APRIL TECH's FILES
(advance release)
©2005 by Eddie Ciletti
This past winter I taught two classes a week, Analog
Recording Techniques and Studio Maintenance. Classes started the week after
the Quantegy's "restructuring" announcement, so it was a bit odd to say
the least. As a result, we've been hoarding the good "rust" and using recycled
stock for class work. The maintenance class started with soldering techniques,
basic DC circuits series and parallel resistance, Ohm's Law and the Power
formula plus an overview of test equipment.

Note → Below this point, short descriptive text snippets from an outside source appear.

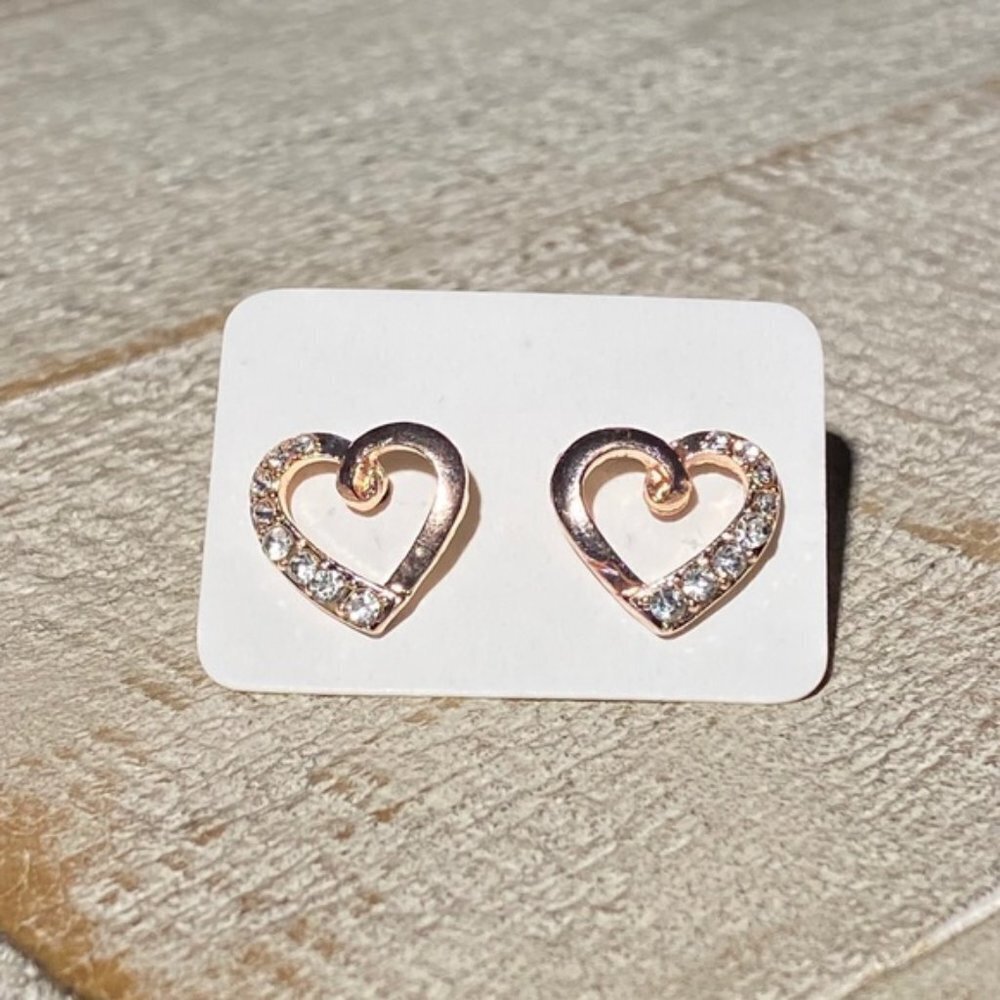 5/$25 Heart Rhinestone Rose Gold Stud Earrings Valentine Heart Rhinestone Studs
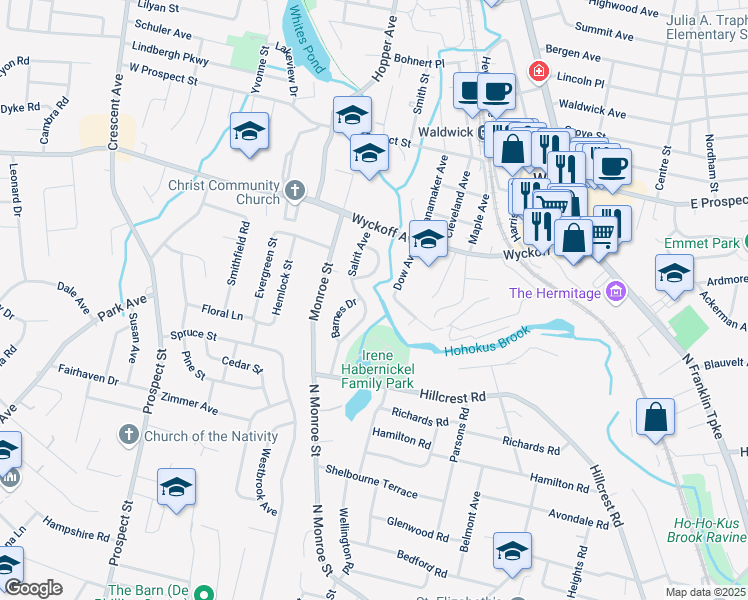 map of restaurants, bars, coffee shops, grocery stores, and more near 983 Andover Terrace in Ridgewood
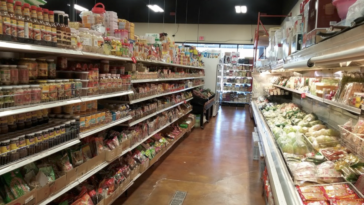 What is blocking in a grocery store?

From these two extremes comes this month's material,
including a rant about patch bay wiring conventions and optimizing small
spaces with off-the-shelf acoustic panels.
The Kick of Zen and Now
As you may know, I am particularly interested in
acoustics and bass perception issues. Optimizing and tweaking the acoustical
environment is the fifth critical "ingredient" in that most important list
that includes talent, mic choice, placement and mic preamp. The emphasis
on low frequency perception is the reason I keep returning to kick drum
as the primary example. The goal is for the kick to translate on all speakers
large and small and when that doesn't happen, I believe it's due to
excessive processing too much low-midrange being sucked out and / or
too much 80Hz is being added.
Bass-ically, if you want to hear more bottom from
the kick, either use a subwoofer or take advantage of a spectrum analyzer
plug-in, especially if you need proof. More than likely, the LF energy
you want is already there and needs much less tweaking than you might think.
Click here for for mic and placement
options and sonic samples
Click
here for 5.1 drum overview -Includes Spectral Response
THEN and NOW
When I started recording, Auratones were the popular
near-field monitors. Even then, the geek in me brought unconventional tweaks
into the mix, like having a passive subwoofer to augment my customized
mini-monitors or using an LA-2A as a mic preamp. What I love about teaching
is the ability to integrate the stuff that worked for me then
with stuff I know now; it's been a blast.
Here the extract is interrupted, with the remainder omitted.